TASK DIRECTIONS »
Using the data below, output the first line and every line after it up to and including the line containing "LH HEADLAMP ASSY", exactly as written and with nothing added.

PROVIDED DATA »
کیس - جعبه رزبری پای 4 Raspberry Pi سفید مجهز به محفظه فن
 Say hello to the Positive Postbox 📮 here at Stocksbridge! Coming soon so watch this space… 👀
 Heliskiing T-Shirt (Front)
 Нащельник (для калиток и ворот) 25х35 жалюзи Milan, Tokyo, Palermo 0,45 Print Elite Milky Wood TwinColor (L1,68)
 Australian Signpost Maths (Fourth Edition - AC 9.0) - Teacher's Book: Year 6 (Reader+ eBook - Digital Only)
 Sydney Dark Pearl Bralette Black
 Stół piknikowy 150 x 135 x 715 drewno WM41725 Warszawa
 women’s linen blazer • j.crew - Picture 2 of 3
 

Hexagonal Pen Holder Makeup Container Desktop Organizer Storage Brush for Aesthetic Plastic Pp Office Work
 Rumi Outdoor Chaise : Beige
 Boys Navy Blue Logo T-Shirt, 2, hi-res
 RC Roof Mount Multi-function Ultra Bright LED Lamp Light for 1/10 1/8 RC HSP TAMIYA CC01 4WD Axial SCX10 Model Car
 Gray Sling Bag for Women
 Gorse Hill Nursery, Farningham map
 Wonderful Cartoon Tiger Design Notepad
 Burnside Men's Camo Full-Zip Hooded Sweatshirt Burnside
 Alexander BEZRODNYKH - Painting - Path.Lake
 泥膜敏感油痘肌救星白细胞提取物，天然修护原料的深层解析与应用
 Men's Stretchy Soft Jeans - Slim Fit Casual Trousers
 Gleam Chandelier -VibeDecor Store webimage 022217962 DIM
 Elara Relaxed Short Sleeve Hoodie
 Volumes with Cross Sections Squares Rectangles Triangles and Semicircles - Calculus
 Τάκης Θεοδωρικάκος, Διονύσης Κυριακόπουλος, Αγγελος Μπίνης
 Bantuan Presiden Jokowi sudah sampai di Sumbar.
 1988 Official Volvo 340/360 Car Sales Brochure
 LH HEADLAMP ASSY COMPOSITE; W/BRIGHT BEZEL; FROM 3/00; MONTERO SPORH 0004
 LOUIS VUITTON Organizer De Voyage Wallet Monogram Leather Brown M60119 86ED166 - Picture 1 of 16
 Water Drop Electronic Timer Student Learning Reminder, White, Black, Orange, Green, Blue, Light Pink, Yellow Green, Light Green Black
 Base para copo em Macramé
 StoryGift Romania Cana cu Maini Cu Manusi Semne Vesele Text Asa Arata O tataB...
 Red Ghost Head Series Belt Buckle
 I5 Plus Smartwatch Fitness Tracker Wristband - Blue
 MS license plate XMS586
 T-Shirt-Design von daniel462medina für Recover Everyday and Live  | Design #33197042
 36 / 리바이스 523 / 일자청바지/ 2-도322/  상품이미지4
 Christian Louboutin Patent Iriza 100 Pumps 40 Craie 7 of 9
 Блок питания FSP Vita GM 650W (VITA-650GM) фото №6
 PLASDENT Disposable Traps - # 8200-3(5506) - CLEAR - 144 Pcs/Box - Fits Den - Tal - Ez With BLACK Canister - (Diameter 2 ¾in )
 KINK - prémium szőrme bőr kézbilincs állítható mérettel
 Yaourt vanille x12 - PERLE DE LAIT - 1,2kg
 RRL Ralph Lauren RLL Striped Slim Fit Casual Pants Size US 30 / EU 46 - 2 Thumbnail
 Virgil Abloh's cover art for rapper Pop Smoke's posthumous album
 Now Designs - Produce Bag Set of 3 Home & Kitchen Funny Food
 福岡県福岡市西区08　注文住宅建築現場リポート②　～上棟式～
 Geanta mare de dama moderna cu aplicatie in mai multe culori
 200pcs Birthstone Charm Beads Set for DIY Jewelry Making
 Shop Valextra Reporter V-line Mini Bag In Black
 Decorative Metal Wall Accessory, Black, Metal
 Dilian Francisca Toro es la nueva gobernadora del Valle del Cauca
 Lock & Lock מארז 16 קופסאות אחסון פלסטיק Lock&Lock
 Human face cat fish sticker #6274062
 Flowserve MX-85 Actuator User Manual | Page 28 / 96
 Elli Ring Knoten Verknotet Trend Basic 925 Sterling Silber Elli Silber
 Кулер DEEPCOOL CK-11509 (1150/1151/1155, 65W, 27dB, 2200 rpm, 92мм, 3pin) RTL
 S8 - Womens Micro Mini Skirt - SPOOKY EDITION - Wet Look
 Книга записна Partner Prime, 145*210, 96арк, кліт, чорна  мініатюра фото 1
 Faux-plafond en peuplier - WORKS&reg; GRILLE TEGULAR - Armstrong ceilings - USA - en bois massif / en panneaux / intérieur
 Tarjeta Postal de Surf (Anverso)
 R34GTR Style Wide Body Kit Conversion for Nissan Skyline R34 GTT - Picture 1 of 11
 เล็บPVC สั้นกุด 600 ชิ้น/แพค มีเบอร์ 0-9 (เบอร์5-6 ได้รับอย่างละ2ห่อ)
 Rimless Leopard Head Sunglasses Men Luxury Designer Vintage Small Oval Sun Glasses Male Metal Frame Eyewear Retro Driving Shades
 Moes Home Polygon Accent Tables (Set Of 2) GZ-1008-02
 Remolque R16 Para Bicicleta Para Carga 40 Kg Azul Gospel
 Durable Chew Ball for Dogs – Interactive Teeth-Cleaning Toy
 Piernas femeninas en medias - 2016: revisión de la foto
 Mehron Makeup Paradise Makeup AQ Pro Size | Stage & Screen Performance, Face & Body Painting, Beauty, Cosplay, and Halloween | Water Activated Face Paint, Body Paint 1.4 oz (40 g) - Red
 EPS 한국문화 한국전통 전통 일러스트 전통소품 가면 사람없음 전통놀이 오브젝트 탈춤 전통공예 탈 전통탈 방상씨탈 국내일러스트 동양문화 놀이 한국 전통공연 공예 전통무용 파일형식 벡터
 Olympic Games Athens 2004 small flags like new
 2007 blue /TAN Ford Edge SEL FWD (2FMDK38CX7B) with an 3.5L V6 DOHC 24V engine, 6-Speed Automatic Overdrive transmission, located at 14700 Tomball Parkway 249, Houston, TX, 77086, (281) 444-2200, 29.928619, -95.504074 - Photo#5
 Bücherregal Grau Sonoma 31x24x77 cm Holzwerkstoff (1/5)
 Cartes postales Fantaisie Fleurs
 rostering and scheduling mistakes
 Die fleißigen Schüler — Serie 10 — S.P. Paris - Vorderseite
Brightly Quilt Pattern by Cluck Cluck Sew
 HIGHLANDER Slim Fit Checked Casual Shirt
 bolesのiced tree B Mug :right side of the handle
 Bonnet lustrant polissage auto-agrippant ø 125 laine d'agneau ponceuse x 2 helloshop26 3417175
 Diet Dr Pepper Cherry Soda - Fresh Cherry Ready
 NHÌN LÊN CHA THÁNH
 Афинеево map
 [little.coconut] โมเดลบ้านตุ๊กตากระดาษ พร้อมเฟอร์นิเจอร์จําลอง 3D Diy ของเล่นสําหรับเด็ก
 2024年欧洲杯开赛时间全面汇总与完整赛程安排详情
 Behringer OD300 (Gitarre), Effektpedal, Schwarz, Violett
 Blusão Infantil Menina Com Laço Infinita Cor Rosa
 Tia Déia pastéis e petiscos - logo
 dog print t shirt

REPLY »
کیس - جعبه رزبری پای 4 Raspberry Pi سفید مجهز به محفظه فن
 Say hello to the Positive Postbox 📮 here at Stocksbridge! Coming soon so watch this space… 👀
 Heliskiing T-Shirt (Front)
 Нащельник (для калиток и ворот) 25х35 жалюзи Milan, Tokyo, Palermo 0,45 Print Elite Milky Wood TwinColor (L1,68)
 Australian Signpost Maths (Fourth Edition - AC 9.0) - Teacher's Book: Year 6 (Reader+ eBook - Digital Only)
 Sydney Dark Pearl Bralette Black
 Stół piknikowy 150 x 135 x 715 drewno WM41725 Warszawa
 women’s linen blazer • j.crew - Picture 2 of 3
 

Hexagonal Pen Holder Makeup Container Desktop Organizer Storage Brush for Aesthetic Plastic Pp Office Work
 Rumi Outdoor Chaise : Beige
 Boys Navy Blue Logo T-Shirt, 2, hi-res
 RC Roof Mount Multi-function Ultra Bright LED Lamp Light for 1/10 1/8 RC HSP TAMIYA CC01 4WD Axial SCX10 Model Car
 Gray Sling Bag for Women
 Gorse Hill Nursery, Farningham map
 Wonderful Cartoon Tiger Design Notepad
 Burnside Men's Camo Full-Zip Hooded Sweatshirt Burnside
 Alexander BEZRODNYKH - Painting - Path.Lake
 泥膜敏感油痘肌救星白细胞提取物，天然修护原料的深层解析与应用
 Men's Stretchy Soft Jeans - Slim Fit Casual Trousers
 Gleam Chandelier -VibeDecor Store webimage 022217962 DIM
 Elara Relaxed Short Sleeve Hoodie
 Volumes with Cross Sections Squares Rectangles Triangles and Semicircles - Calculus
 Τάκης Θεοδωρικάκος, Διονύσης Κυριακόπουλος, Αγγελος Μπίνης
 Bantuan Presiden Jokowi sudah sampai di Sumbar.
 1988 Official Volvo 340/360 Car Sales Brochure
 LH HEADLAMP ASSY COMPOSITE; W/BRIGHT BEZEL; FROM 3/00; MONTERO SPORH 0004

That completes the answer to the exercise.